(Items from a data source)
○ ○ ○ ○

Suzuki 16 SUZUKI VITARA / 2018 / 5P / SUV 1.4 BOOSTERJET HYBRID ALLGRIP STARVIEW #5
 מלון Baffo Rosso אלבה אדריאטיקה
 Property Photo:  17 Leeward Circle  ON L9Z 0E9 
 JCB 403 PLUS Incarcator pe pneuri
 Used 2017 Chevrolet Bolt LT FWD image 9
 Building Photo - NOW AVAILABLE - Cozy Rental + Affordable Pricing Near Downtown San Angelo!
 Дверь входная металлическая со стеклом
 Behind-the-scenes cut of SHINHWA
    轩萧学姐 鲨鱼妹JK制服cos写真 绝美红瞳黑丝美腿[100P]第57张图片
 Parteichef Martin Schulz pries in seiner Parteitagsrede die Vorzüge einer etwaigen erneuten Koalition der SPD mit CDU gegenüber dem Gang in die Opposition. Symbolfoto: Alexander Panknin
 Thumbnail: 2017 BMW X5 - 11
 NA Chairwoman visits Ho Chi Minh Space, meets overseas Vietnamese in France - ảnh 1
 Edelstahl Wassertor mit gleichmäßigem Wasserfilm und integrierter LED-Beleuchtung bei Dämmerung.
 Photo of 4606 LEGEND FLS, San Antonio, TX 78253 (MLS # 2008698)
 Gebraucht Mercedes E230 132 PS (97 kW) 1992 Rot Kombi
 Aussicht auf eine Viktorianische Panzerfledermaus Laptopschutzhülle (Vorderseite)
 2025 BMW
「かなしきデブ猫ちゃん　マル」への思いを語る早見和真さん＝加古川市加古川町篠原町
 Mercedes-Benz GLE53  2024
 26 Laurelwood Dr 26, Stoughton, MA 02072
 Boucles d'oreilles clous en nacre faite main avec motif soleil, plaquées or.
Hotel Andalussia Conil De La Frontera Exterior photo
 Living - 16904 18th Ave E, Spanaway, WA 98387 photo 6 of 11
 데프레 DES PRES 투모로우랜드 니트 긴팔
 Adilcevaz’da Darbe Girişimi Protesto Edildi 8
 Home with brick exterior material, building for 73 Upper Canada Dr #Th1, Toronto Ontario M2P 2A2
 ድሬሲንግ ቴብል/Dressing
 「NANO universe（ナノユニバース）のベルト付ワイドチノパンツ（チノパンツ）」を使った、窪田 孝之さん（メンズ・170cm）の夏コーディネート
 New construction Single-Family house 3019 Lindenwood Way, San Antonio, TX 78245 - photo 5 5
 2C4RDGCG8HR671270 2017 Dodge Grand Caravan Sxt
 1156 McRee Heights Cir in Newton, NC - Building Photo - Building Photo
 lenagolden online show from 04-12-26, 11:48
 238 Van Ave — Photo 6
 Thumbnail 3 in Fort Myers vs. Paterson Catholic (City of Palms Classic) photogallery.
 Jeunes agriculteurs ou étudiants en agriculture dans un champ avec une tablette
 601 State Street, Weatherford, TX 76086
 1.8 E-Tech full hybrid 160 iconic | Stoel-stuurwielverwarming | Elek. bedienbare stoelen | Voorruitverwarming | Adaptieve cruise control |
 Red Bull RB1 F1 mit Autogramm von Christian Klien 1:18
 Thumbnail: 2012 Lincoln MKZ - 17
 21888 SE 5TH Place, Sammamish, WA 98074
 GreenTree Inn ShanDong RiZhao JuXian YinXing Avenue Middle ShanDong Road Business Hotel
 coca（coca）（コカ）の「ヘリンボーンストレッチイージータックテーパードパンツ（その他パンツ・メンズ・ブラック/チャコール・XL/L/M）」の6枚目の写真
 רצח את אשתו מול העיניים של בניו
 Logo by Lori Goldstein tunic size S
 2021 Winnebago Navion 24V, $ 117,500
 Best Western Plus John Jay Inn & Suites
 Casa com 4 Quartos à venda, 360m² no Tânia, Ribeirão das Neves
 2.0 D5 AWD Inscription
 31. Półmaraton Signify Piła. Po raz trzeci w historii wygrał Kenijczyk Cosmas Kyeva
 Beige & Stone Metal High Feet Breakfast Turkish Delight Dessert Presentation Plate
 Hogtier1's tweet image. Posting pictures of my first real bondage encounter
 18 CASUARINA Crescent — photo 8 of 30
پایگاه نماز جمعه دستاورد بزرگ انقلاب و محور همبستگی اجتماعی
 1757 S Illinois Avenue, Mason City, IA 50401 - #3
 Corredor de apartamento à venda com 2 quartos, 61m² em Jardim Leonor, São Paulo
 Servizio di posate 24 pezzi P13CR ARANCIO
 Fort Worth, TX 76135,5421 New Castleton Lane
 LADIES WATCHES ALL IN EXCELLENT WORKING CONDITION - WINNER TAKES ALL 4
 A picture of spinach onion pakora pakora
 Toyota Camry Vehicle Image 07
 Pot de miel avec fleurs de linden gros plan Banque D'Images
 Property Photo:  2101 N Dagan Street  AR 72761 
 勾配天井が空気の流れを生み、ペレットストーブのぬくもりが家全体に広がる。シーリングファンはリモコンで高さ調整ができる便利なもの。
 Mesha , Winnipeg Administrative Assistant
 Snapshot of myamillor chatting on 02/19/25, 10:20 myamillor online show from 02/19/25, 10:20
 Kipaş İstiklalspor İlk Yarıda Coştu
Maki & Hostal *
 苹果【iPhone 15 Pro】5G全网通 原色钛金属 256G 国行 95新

○ ○ ○ ○

§ **Exercise prompt**: All lines above that hold the string "City" should be copied.

§ **Solution to this task**:
 Thumbnail 3 in Fort Myers vs. Paterson Catholic (City of Palms Classic) photogallery.
 1757 S Illinois Avenue, Mason City, IA 50401 - #3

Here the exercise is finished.